Vroeger waren executies niet alleen maar een doodstraf, ze waren theater. Vermaak. Bedoeld om het volk te binden aan de heersers. Als de rechters iemand ter dood wilden brengen maakten ze er een theater van om zo het publiek aan hun kant te krijgen. En dat zien we hier ook, rond het kruis. Het is de bedoeling dat het een show wordt. En de overheidspersonen staan daar gereed als een soort cheerleader, slogans te schreeuwen. Want wat ze zeggen, fluisteren ze niet onder elkaar alsof ze bang zijn om gehoord te worden. Nee, het is de weg-met-Jezus show.

Maar in de oude tijden als je het er als volk niet mee eens was, met wat er gebeurde, dan stond er altijd één weg open. Je kon natuurlijk niet roepen: “ik ben het er niet mee eens” of “stop!”. Je keek toe in stilte, in stille afkeuring. Soms enkel een diepe zucht als het oordeel voltrokken werd. Toen de Engelse revolutionairen koning Charles I vermoordden op het schavot werd het ook niet het spektakel waar ze op hoopten. Een doodse stilte was hun deel. Het was het begin van het einde van hun revolutie.

Het volk stond toe te kijken, ze zeggen niks, maar de overheidspersonen lachten hem uit. Het volk doet niet mee. Hetzelfde zien we hier. Het volk laat zich niet gek maken. Eenvoudige mensen zien vaak het beste wie er authentiek is, en wie niet.

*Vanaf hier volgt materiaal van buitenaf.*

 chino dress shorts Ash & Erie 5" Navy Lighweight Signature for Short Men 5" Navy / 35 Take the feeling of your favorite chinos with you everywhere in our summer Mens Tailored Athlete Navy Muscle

Wie er echt schuld heeft en wie niet. Wie toneel speelt en wie zichzelf is.

Er wordt wel eens gezegd, het volk stond aan de kant van de machthebbers en riepen om de dood van Jezus. Dat is niet zo. Door heel Lukas heen lezen we dat waar zelfs de stemmen die roepen om de dood even sterker zijn, maar dat niks zegt over het volk zelf. Die rouwen, en zijn stil. We zijn gedrild om te denken dat stilte niks zegt. Het tegendeel is waar. De crux van vandaag is dat de leiders het volk niet meekrijgen, het volk het oordeel van de leiders afkeurt.

De leiders krijgen het volk niet mee omdat zij weten dat ze in Jezus iemand tegenkomen die écht alles is waar de leiders nooit aan kunnen tippen. Jezus alles wat zij zouden willen zijn, ten diepste.

Om te beginnen is hij een echte profeet. Hij heeft de waarheid verinnerlijkt. Hij kan spreken uit de waarheid. Hij hoeft zich niet eindeloos in te dekken. Hij hoeft niet steeds te plannen hoe hij de ander moet manipuleren. Dat zouden zij ook willen, want dat wil ieder mens. Maar zij zitten in zichzelf gevangen. Hij is vrij. Ze zijn bitter en afgunstig.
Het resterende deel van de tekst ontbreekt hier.